I read every little detail I get my hands on. Last year they sent me a little pamphlet talking about how insurance is changing due to the floods, and how now they offer "overland water protection". This year I got nothing with my renewal, except for another 19% increase in rates. Needless to say, they lost a customer.


----------



## Mukhang pera (Feb 26, 2016)

STech said:


> The biggest question I have is replacement cost. One company quoted me as 500K, while the other at 380K. The 380K does however provide "replacement cost" up to 700K.


I must confess to not understanding the foregoing. You say one company quoted, using a replacement cost figure of $500k. The other based its quote on a replacement cost of $380k, but heck, that can be stretched to $700k in a pinch. Probably just my own lack of knowledge in these things. OGG evidently had no difficulty in comprehension.

I went along with the same insurer, quite complacently, starting off with an annual premium of about $3,000 ten years ago. Last year they wanted $5,400, explaining when I emailed that the underwriters decided that replacement cost had jumped from something like $650,000 to something like $800,000 (I do not recall the exact figures). That motivated me to shop around and I managed to get the $5,400 cut in half.


----------



## Mortgage u/w (Feb 6, 2014)

Mukhang pera said:


> I must confess to not understanding the foregoing.
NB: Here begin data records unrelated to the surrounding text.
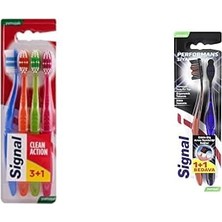 1001 Premium Action 4'lü (3+1) Yumuşak Diş Fırçası ve Signal Diş Fırçası Performance Black 2 Ka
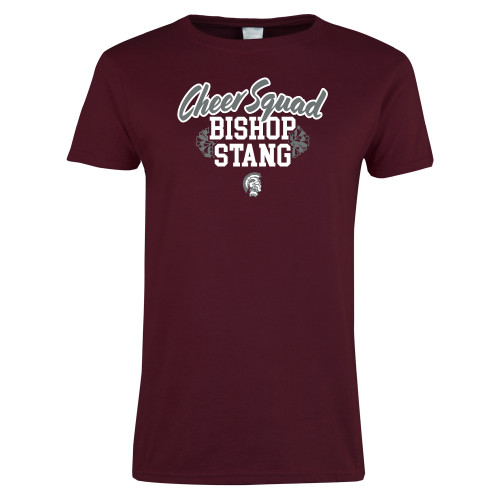  Womens Maroon Short Sleeve Tee - Bishop Stang - Football Cheer Squad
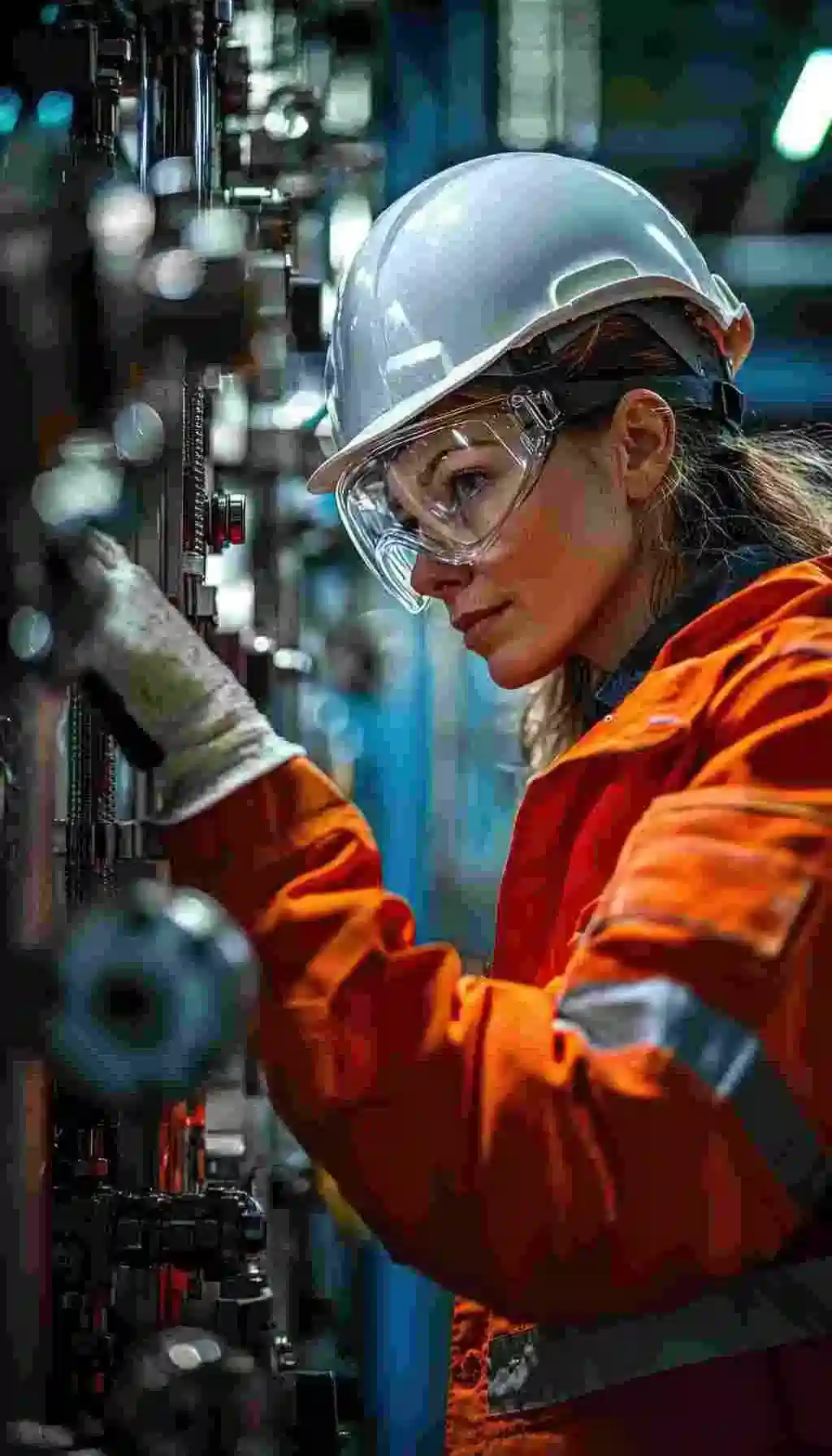 Female engineer inspecting industrial equipment in safety gear, representing Ireland’s shift toward digital safety, training, and quality management.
You say one company quoted, using a replacement cost figure of $500k. The other based its quote on a replacement cost of $380k, but heck, that can be stretched to $700k in a pinch. Probably just my own lack of knowledge in these things. OGG evidently had no difficulty in comprehension.
> 
> I went along with the same insurer, quite complacently, starting off with an annual premium of about $3,000 ten years ago. Last year they wanted $5,400, explaining when I emailed that the underwriters decided that replacement cost had jumped from something like $650,000 to something like $800,000 (I do not recall the exact figures). That motivated me to shop around and I managed to get the $5,400 cut in half.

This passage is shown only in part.